*** Opening of EXERCISE INPUT ***
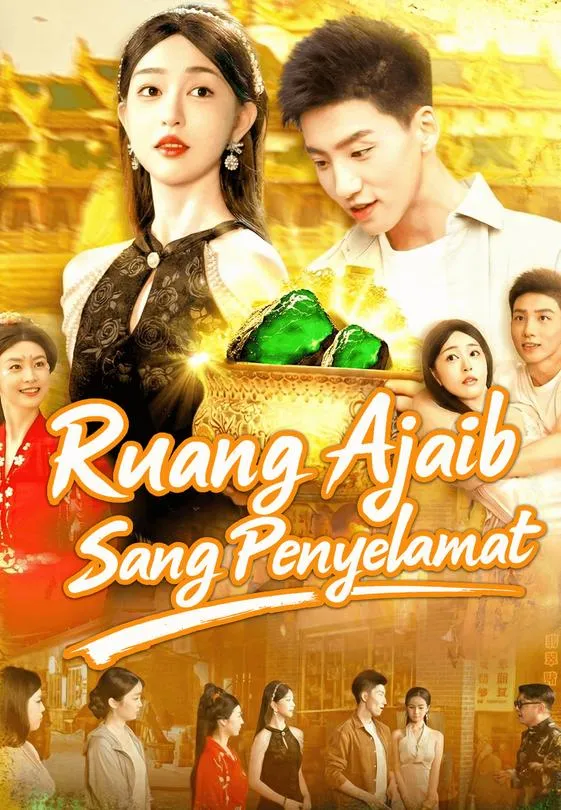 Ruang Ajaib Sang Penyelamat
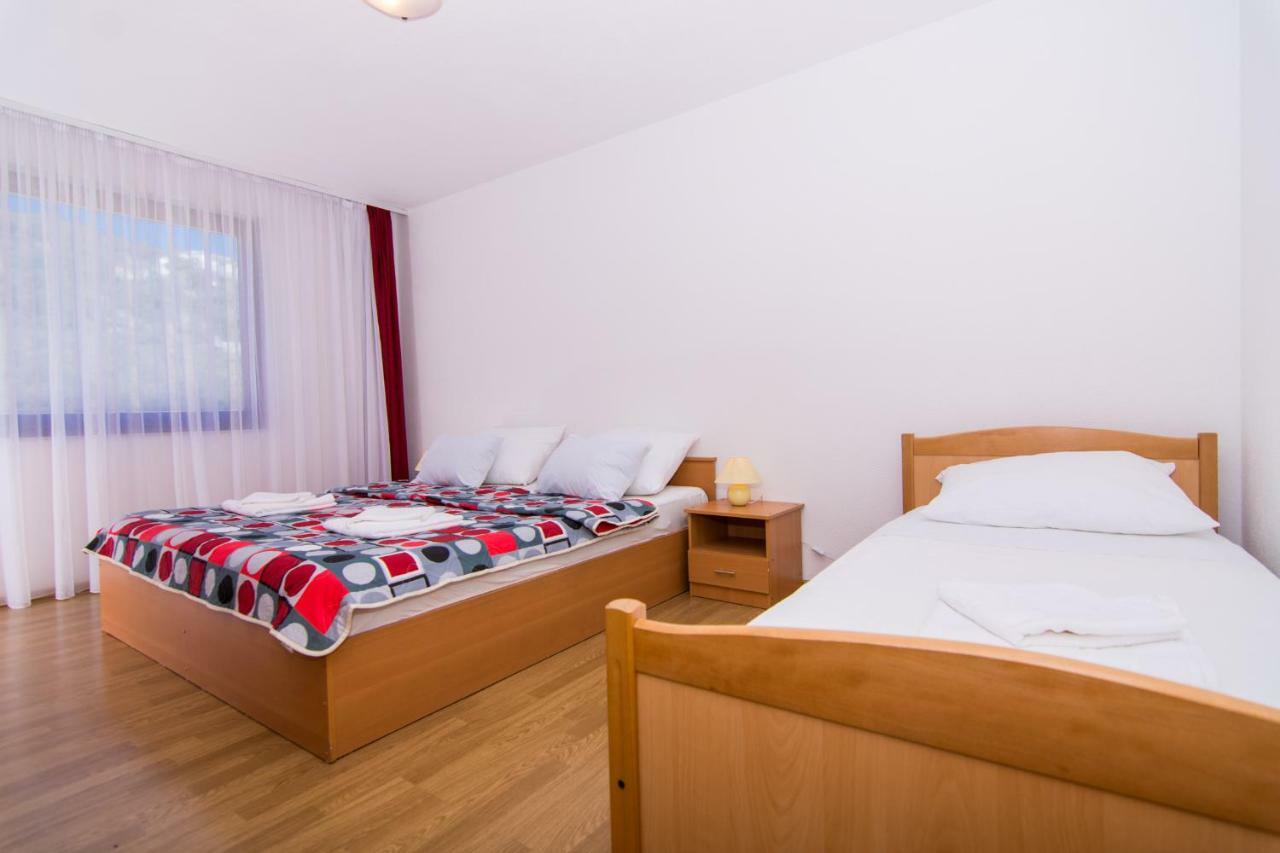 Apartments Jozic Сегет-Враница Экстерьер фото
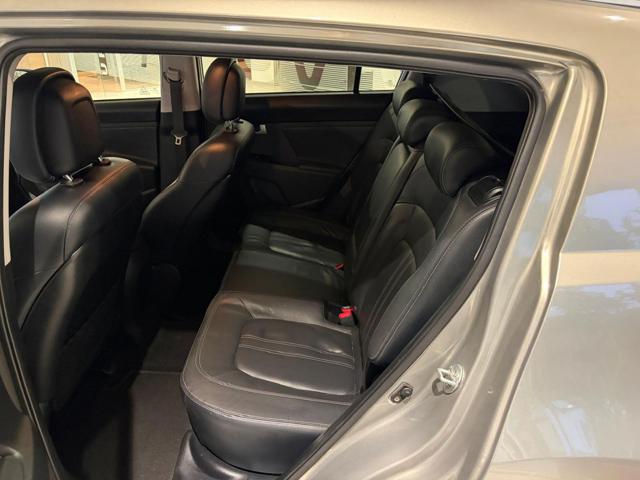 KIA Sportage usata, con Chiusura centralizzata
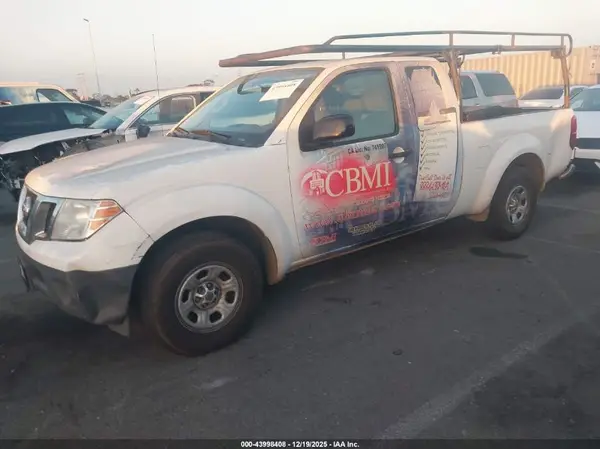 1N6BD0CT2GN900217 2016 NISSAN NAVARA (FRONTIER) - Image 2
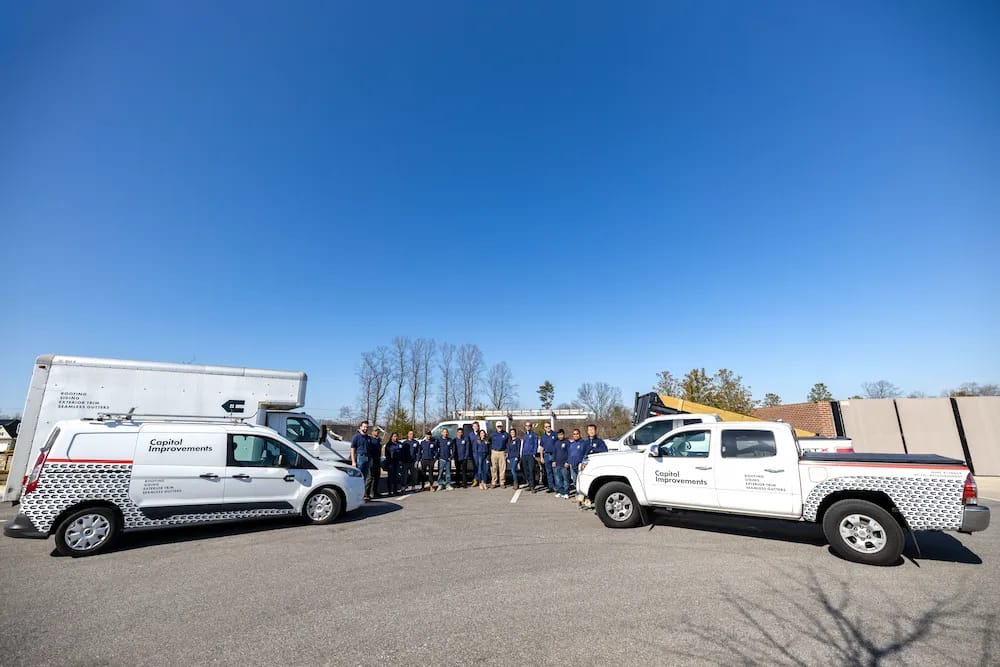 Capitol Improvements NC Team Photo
*** Close of EXERCISE INPUT ***
* TASK GOAL *
Each entry should come back exactly as written, with its pictures omitted.

* WRITTEN RESPONSE *
 Ruang Ajaib Sang Penyelamat
 Apartments Jozic Сегет-Враница Экстерьер фото
 KIA Sportage usata, con Chiusura centralizzata
 1N6BD0CT2GN900217 2016 NISSAN NAVARA (FRONTIER) - Image 2
 Capitol Improvements NC Team Photo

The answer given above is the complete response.